18. Having set out the position of the law before I even analys the facts, a look  at the charge sheet reveals that  while the Appellant faced 2 counts;

(i) Incest by male contrary to Section 20(1) of Sexual Offences Act.

(ii) Attempted defilement contrary to Section 9(1) of the Sexual Offences Act.

The trial court evaluated the evidence tendered by the prosecution and found  at the close  of prosecution's case that the prosecution had established a  prima facie case but fell  short when it failed to specifically tell the  Appellant whether he was being called upon to defend himself on the 1st,  the  2nd or both counts. This issue was never canvassed in this appeal but it is a  critical issue because it has a correlation with a fair trial which is a  right  to every person charged or facing trial in Kenya.  Under Article 50(2)  (b) of  theConstitution the Constitution provides that  an accused person a  right  to be informed of the charge with sufficient detail to answer to it.

This court find that the provisions of Article 50(2) (b) not only applies at  plea stage, (where an accused should be clearly told of the charge facing  him)  but also at close of prosecution's case where he is found to have a case  to answer particularly where the accused faces more than one count.  It is a  travesty of justice and unfair, if say an accused person has five counts  and at  the close of prosecution's case he is informed that he generally has a  case  to answer without specifying which count must he/she direct his  defence to.  The question therefore posed is whether the Appellant herein  was subjected to a fair trial when the trial court casually told him that he had  a case to answer and proceeded to explain to him the options open for him  to defend himself as provided by Section 211 of Criminal Procedure  Code.  Which count was he going to defend himself against given that the  trial court never specifically stated whether the prosecution's case had  established  count one, count two or both?

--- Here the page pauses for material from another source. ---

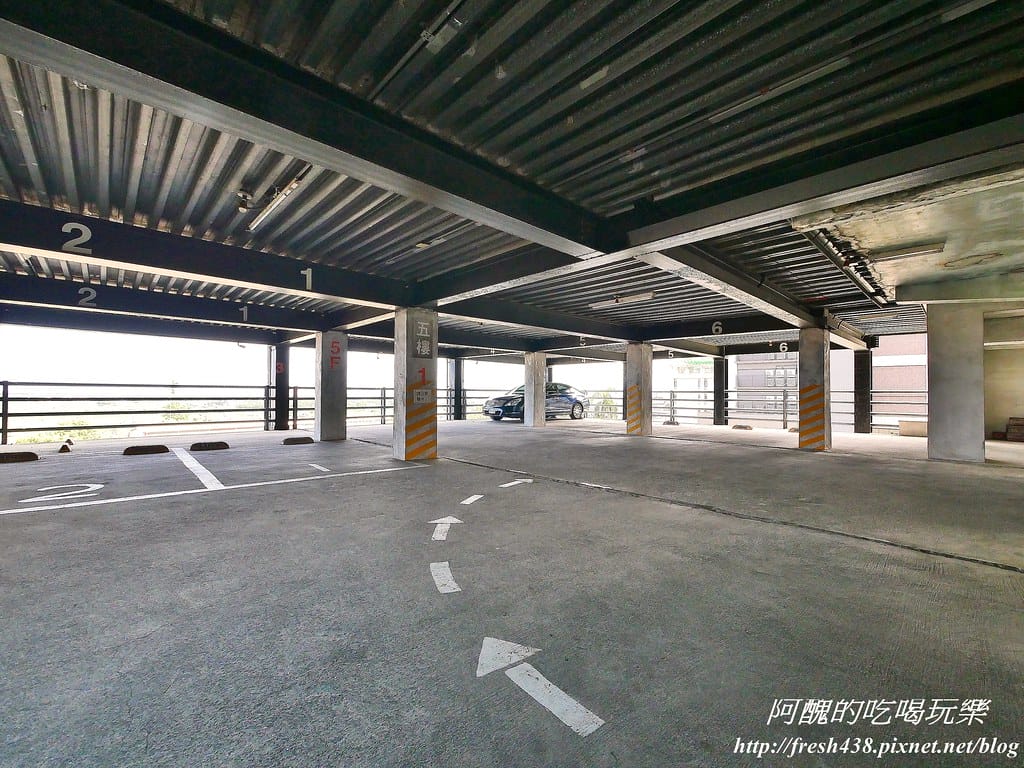 【宜蘭親子飯店】麗翔酒店連鎖(礁溪館),峇里島風溫泉戲水池,一年四季皆可玩水,還有超大遊戲室等您來體驗。 - 第5張圖 0-1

The answer to this clearly shows  that there was a misdirection by the learned trial magistrate which I must say  is not an isolated case as more often a trial court out of aridity for  quick/dispensation of justice often overlook the significance of the provision  of Section 211 Criminal Procedure Code  and the need to clearly make a  finding on whether or not an  accused has  a case to answer by considering all aspects of the trial that is the evidence tendered visa viz the charge or  counts facing an accused  person.  Failure to do so can result in  compromising the rights of the accused and subjecting him to mistrial as it  happened in this instance.  Looking at the  grounds of appeal herein one  cannot fail to see that the Appellant upto now seems unsure of what he was  convicted of and sentenced to serve 50 years in jail.

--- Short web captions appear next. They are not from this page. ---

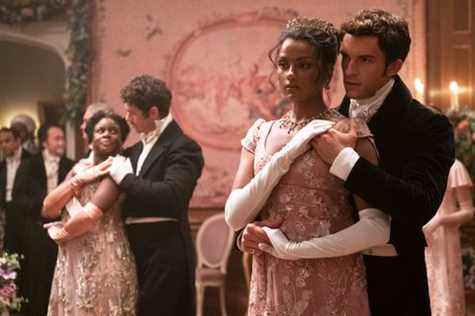 simone ashley et jonathan bailey dans bridgerton saison 2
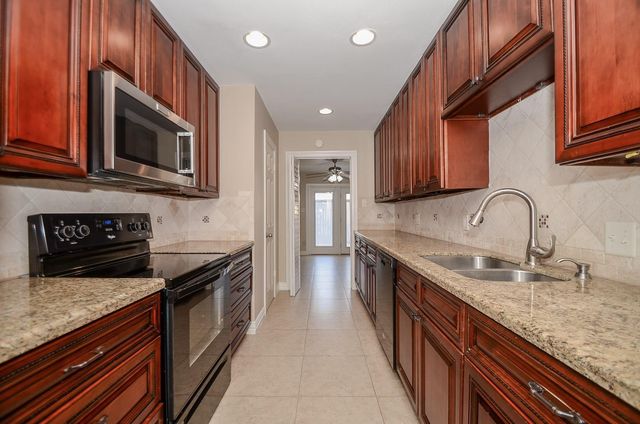 13132 Trail Hollow Drive 3132, Houston, TX 77079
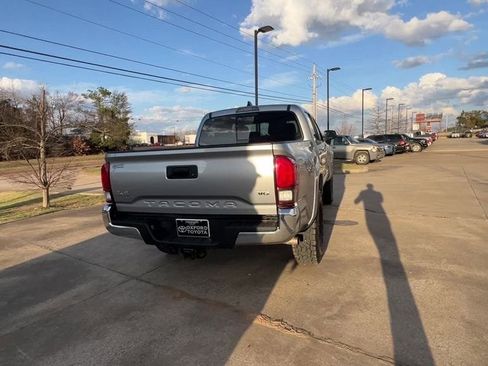 Used 2021 Toyota Tacoma SR5 image 6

19. This court finds that in view of my finding it may not be fair or in the  interest of  justice to delve onto the other grounds raised in this appeal.  I  find that the Appellant was subjected to unfair trial when the trial court  failed to inform him with sufficient detail which count was he required to  defend himself in respect of which the prosecution's case had established a  prima facie case.  As a consequence, I find that he was subjected to unfair  trial  and to that extent I allow this appeal by setting aside the conviction in  order to protect the interest of the victim and the interest of  justice, I  find that this is a  matter where this court in exercise of its power under Section 354 (3) (a) (1) of Criminal Procedure Code should order for  a retrial which I hereby do order for a retrial before another court of  competent jurisdiction be conducted.  The lower court file shall be referred back together with the Appellant to the Subordinate  Court in Marimanti and  the matter shall be mentioned before  the Principal Magistrate of that court  for further orders and retrial.

Dated, signed and delivered at Chuka this 16th day of July, 2019.

R.K. LIMO

JUDGE

16/7/2019

Court:

Judgment, dated signed and delivered in the open court in presence of  Appellant in person and Maari for Respondent.